Add Gemma4SwiftCore to your Package.swift:

dependencies: [
    .package(
        url: "https://github.com/yejingyang8963-byte/Swift-gemma4-core.git",
        from: "0.1.0"),
],
targets: [
    .target(
        name: "YourApp",
        dependencies: [
            .product(name: "Gemma4SwiftCore", package: "Swift-gemma4-core"),
        ]),
],

Or in Xcode: File → Add Package Dependencies... → paste the repo URL.

Quick start

import Gemma4SwiftCore
import MLX
import MLXLLM
import MLXLMCommon

// 1. Register the sidecar handler with mlx-swift-lm. Idempotent.
await Gemma4Registration.registerIfNeeded().value

// 2. Load the real 4-bit weights from HuggingFace.
//    The model is ~1.5 GB and is cached after the first download.
let container = try await LLMModelFactory.shared.loadContainer(
    configuration: ModelConfiguration(id: Gemma4SwiftCore.verifiedModelId))

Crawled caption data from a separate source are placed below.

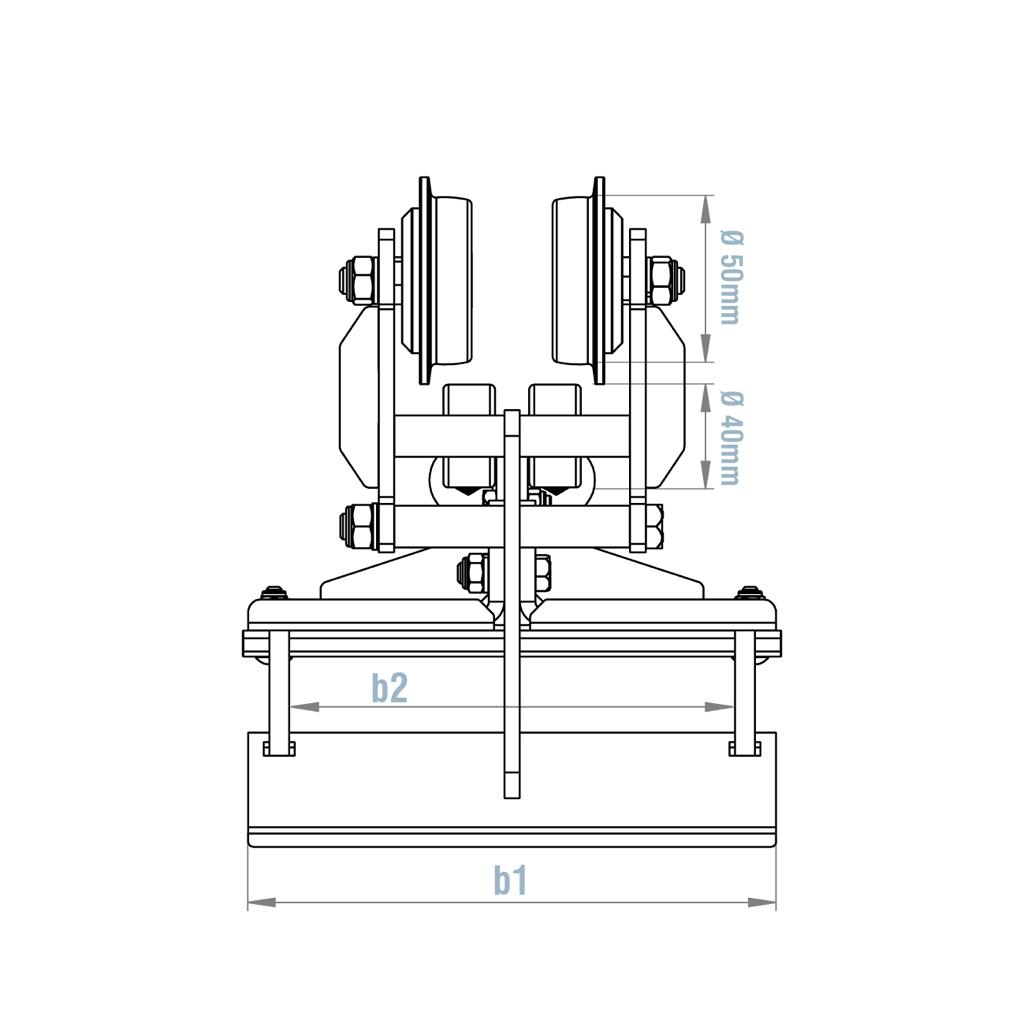 Technical drawing - 824
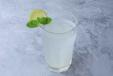 Fresh Lime Soda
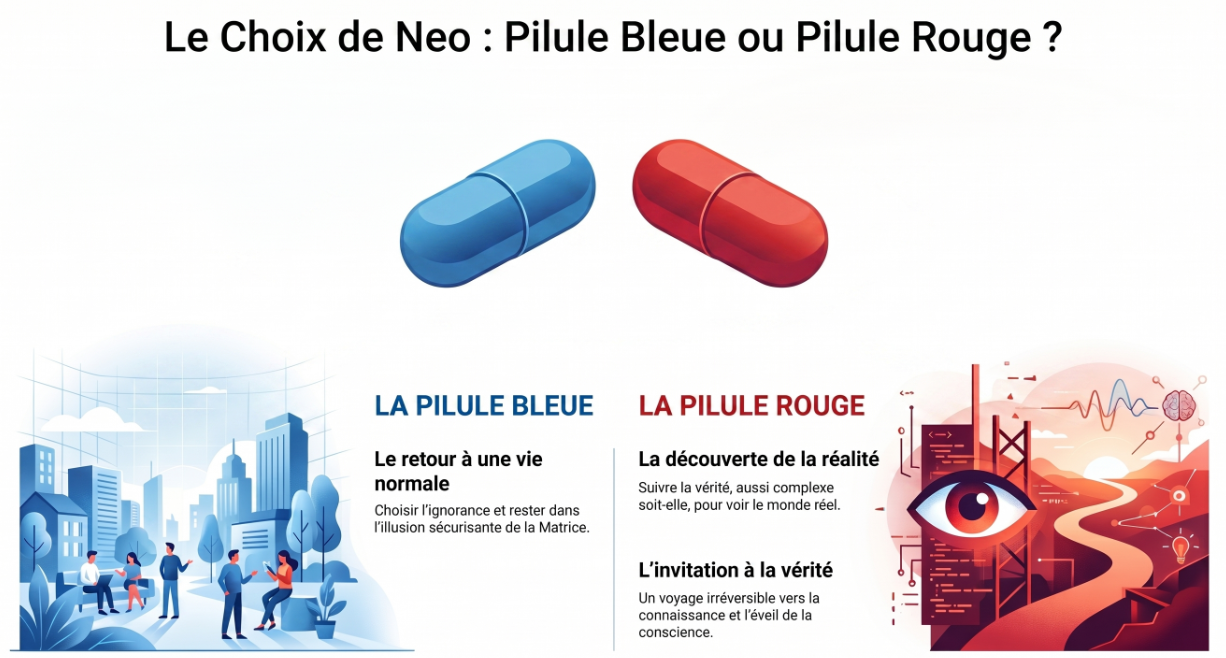 You are currently viewing Choix de vie
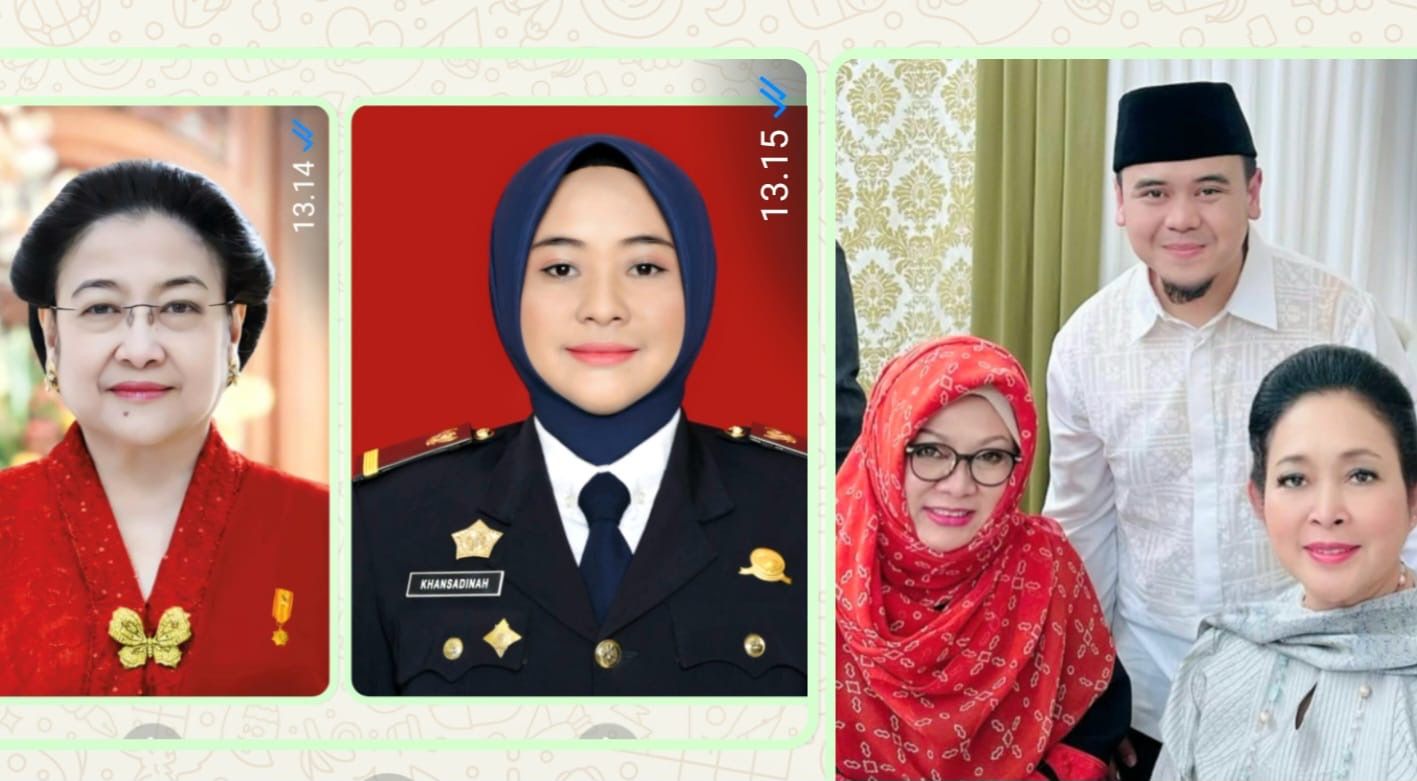 Kado Puisi di Usia Perak: Harapan Siswahyu Kurniawan untuk Sang Putri dan Para Pemimpin Bangsa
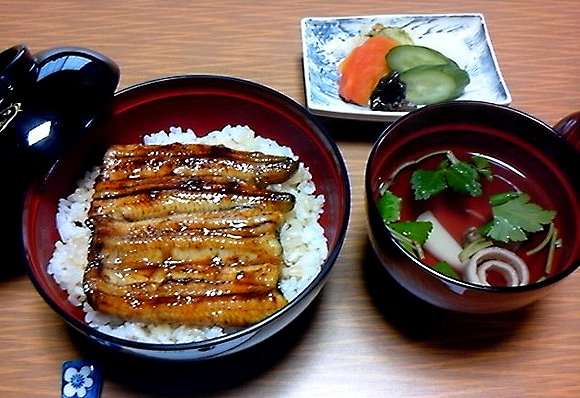 肉より魚が好きな人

// 3. Format your prompt using the chat-template bypass. DO NOT use
//    tokenizer.applyChatTemplate — it is broken on Gemma 4.
let prompt = Gemma4PromptFormatter.userTurn("Tell me a short story about a curious fox.")
let tokens = await container.encode(prompt)
let input = LMInput(tokens: MLXArray(tokens))

// 4. Stream tokens.
let stream = try await container.generate(
    input: input,
    parameters: GenerateParameters(maxTokens: 200, temperature: 0.8, topP: 0.95))
for await event in stream {
    if case .chunk(let text) = event {
        print(text, terminator: "")
    }
}

Architecture

┌─────────────────────────────────────────────────────────────┐
│                      Gemma4TextModel                        │
│                                                             │
│  ┌──────────────────── Gemma4TextInner ───────────────────┐ │
│  │                                                        │ │
│  │  embed_tokens (×sqrt(hidden_size))                     │ │
│  │       │                                                │ │
│  │       ├──→ computePerLayerInputs() ──→ [PLE per-layer] │ │
│  │       │                                                │ │
│  │       ▼                                                │ │
│  │  globalRopeOffset (read once, before any cache update) │ │
│  │       │                                                │ │
│  │       ▼                                                │ │
│  │  for layer in 0..<35:                                  │ │
│  │      ┌─── Gemma4TextDecoderLayer ───┐                  │ │
│  │      │  input_layernorm             │                  │ │
│  │      │  Gemma4TextAttention         │  ←── donor table │ │
│  │      │   ├─ q/k/v/o (per-layer dim) │                  │ │
│  │      │   ├─ Gemma4ProportionalRoPE  │   (full layers)  │ │
│  │      │   └─ scaledDotProductAttn    │                  │ │
│  │      │  post_attention_layernorm    │                  │ │
│  │      │  Gemma4TextMLP (SwiGLU)      │                  │ │
│  │      │  PLE block (× per_layer_in)  │                  │ │
│  │      │  × layer_scalar              │                  │ │
│  │      └──────────────────────────────┘                  │ │
│  │       │                                                │ │
│  │       ▼                                                │ │
│  │  final RMSNorm                                         │ │
│  └────────┬───────────────────────────────────────────────┘ │
│           ▼                                                 │
│      lm_head (tied to embed_tokens)                         │
│           │                                                 │
│           ▼                                                 │
│      cap × tanh(logits / cap)   ← final logit softcapping   │
└─────────────────────────────────────────────────────────────┘

The 14 source files are organized by responsibility:

Sources/Gemma4SwiftCore/
├── Configuration/   parsing + derived queries
├── Layers/          MLP, Attention, RoPE, DecoderLayer
├── Model/           Inner stack + LLMModel conformance
├── Registration/    LLMModelFactory hookup
└── Prompt/          chat-template bypass

Every source file is ≤ 200 lines. Every public symbol carries an Apple-style /// doc comment for DocC.

Testing

# Pure-Swift unit tests (Configuration, Sanitize, ProportionalRoPE math,
# PromptFormatter literals). Runs anywhere Swift runs:
swift test --filter "ConfigurationTests|SanitizeTests|ProportionalRoPETests|PromptFormattingTests"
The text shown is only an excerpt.